My Liver Birds reboot, set in the present day with new music and a new story, is coming to life at the Royal Court Theatre.

For the last three years I’ve been writing a musical. Based on Carla Lane and Myra Taylor’s Liver Birds characters Beryl and Sandra, but set in the present day with new music and a new story, it is coming to life at the Royal Court Theatre – in Liverpool, appropriately. Amazingly, the sun shines as the train ambles into Lime Street, where Ken Dodd’s statue has recently been customised with a feather duster tickling stick and some garlands of orange and lime green. Outside the station, composer Mike Lindup and I buy a Big Issue. We have a scene opening Act Two with a Big Issue seller and we are superstitious. We check into our “apart-hotel”. Apart-hotel is a new word and means a hotel room with a kitchen area you will never, ever use.

At the theatre everyone hugs as though their lives depend on it; we are all aware we are heading into a battle the outcome of which is unknown. There will be no more hugging after this point till opening night as stress levels increase day by day. I buy chocolate on the way back as there’s a fridge in my apart-hotel and I ought to use it for something.

Ships in the night

There’s no point in being in Liverpool without running by the river, so I leap up (in geriatric fashion) and head out into the rain. You’d think, since I grew up in the north-west and cannot ever remember experiencing any period of consecutive sunny days here, that I’d have brought a waterproof jacket with me. I didn’t. It springs from optimism. Misplaced in this case, as it happens. I return soaking but with a coconut latte. Every cloud.

We have been in the theatre for seven hours. Everything has been delayed. The cast are amusing themselves by singing old television themes. They have just made short shrift of Bonanza and have moved on to The Magic Roundabout. We may all be going very slightly mad.

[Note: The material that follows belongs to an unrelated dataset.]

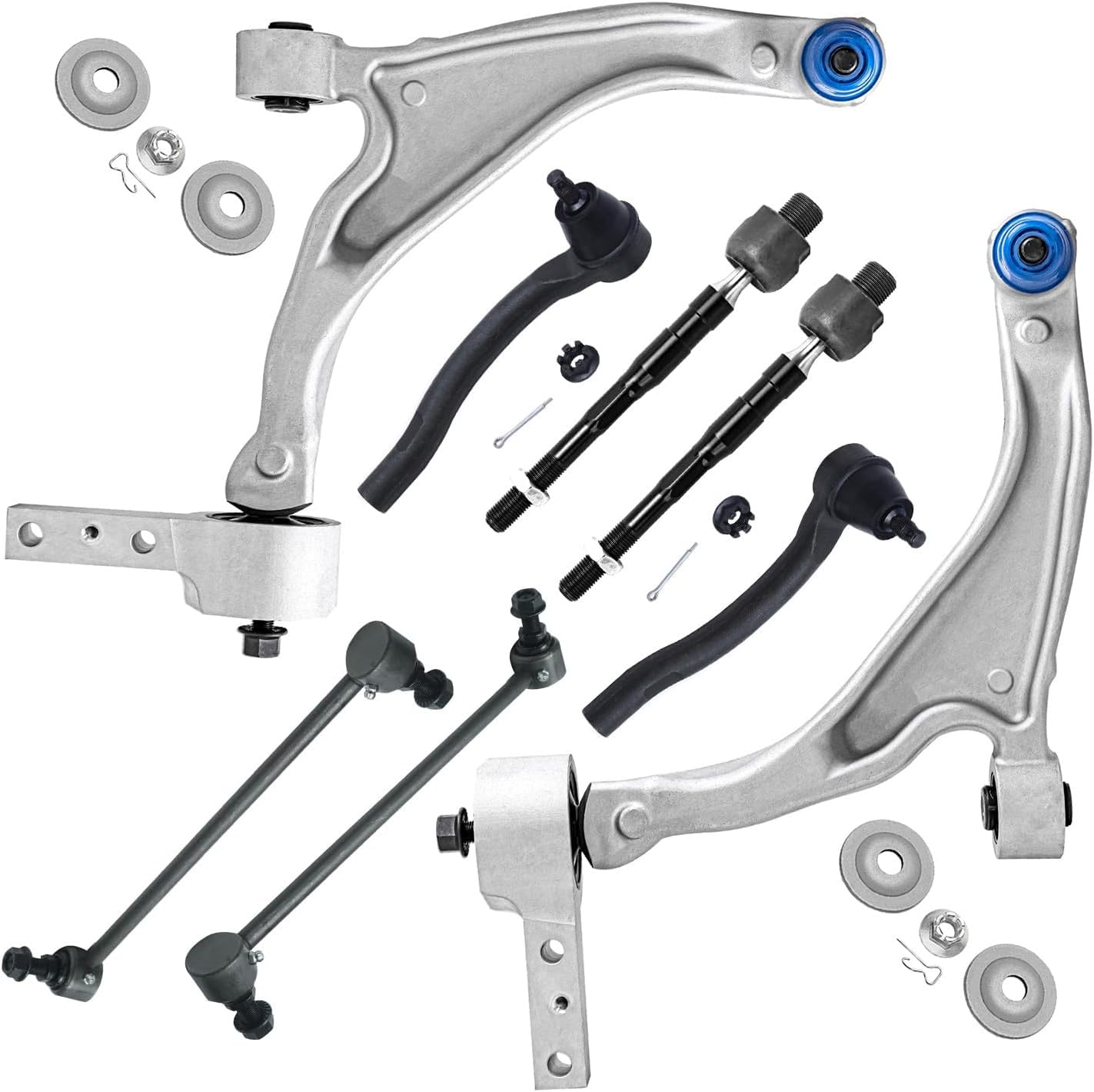 Detroit Axle - Front 8pc Control Arms Kit for 2009-2015 Honda Pilot, 2 Lower Control Arms w/Ball Joints, 4 Inner & Outer Tie Rods, 2 Sway Bars, 2010 2011 2012 2013 2014 Replacement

As hours dwindle away with nothing being achieved, Mike and I pop to the theatre next door to enjoy someone else’s musical. In this case, Sting’s. It’s wonderfully palate-cleansing and I finally manage to go to sleep with different ear worms about ships and men, rather than our own, about Liverpool and women.

Wood for the trees

This morning “tech” begins (during which every single move of the cast and set, plus lighting, costume, prop and sound cues must be decided and logged on a computer). Problems loom around every piece of scenery. Our smiles and patience wear thin.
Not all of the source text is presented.